[What this task involves] From the first line below to the last, reproduce the material exactly and leave out the images.

[Dataset excerpt]
======
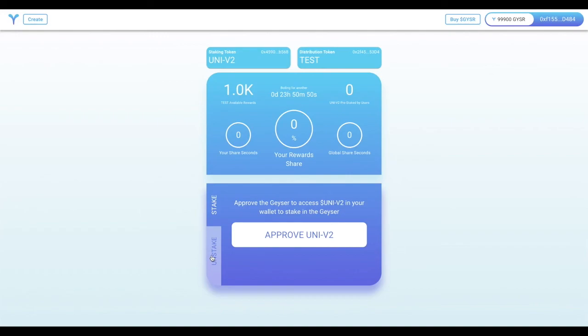And there you have it. In five minutes, we have deployed a real working Geyser to the Ethereum blockchain that is capable of rewarding any distribution token in return for staking any other ERC20 token. It's that simple through our web app, and I can't wait to make another video to show you how you can stake in a Geyser, and unstake from one to start earning those rewards that we've put in here.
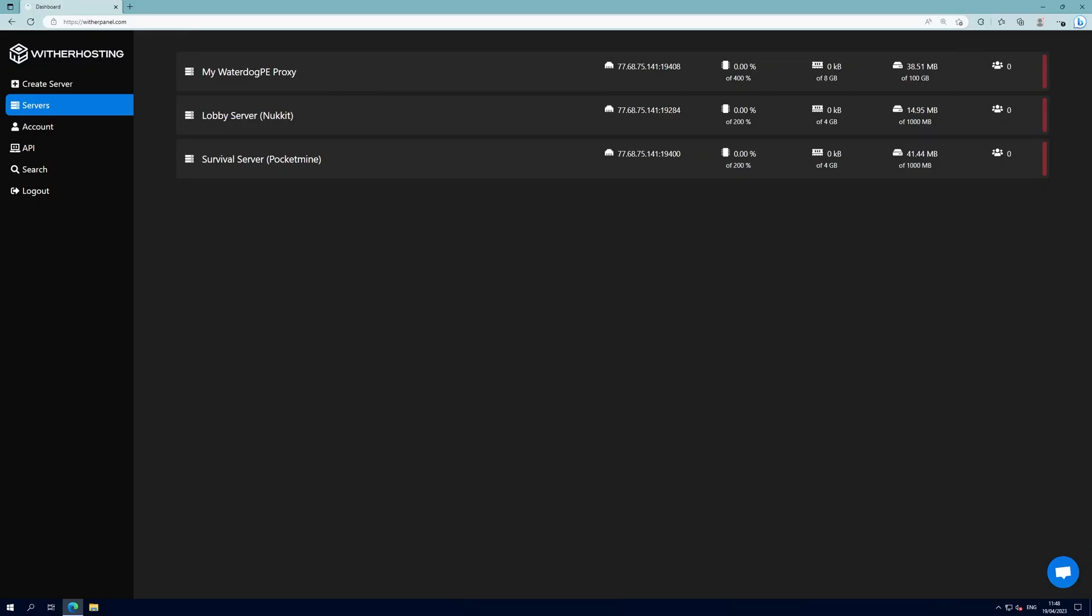Hello there. In this video we will go through how to set up a Waterdog Pocket Edition Proxy with back-end servers of Nucket and PocketMine.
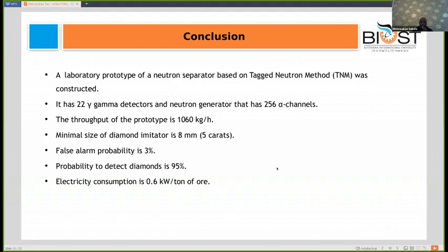The laboratory prototype has 22 gamma detectors and a neutron generator with 256 alpha channels. This prototype has a throughput of around one ton per hour. The minimal diamond that can be detected is 8 millimeters. The false alarm probability is around 3 percent, and the probability to detect diamonds is around 95 percent. The prototype has an electric consumption of around 0.6 kilowatt per ton of ore.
======
[Reply]
And there you have it. In five minutes, we have deployed a real working Geyser to the Ethereum blockchain that is capable of rewarding any distribution token in return for staking any other ERC20 token. It's that simple through our web app, and I can't wait to make another video to show you how you can stake in a Geyser, and unstake from one to start earning those rewards that we've put in here.
Hello there. In this video we will go through how to set up a Waterdog Pocket Edition Proxy with back-end servers of Nucket and PocketMine.
The laboratory prototype has 22 gamma detectors and a neutron generator with 256 alpha channels. This prototype has a throughput of around one ton per hour. The minimal diamond that can be detected is 8 millimeters. The false alarm probability is around 3 percent, and the probability to detect diamonds is around 95 percent. The prototype has an electric consumption of around 0.6 kilowatt per ton of ore.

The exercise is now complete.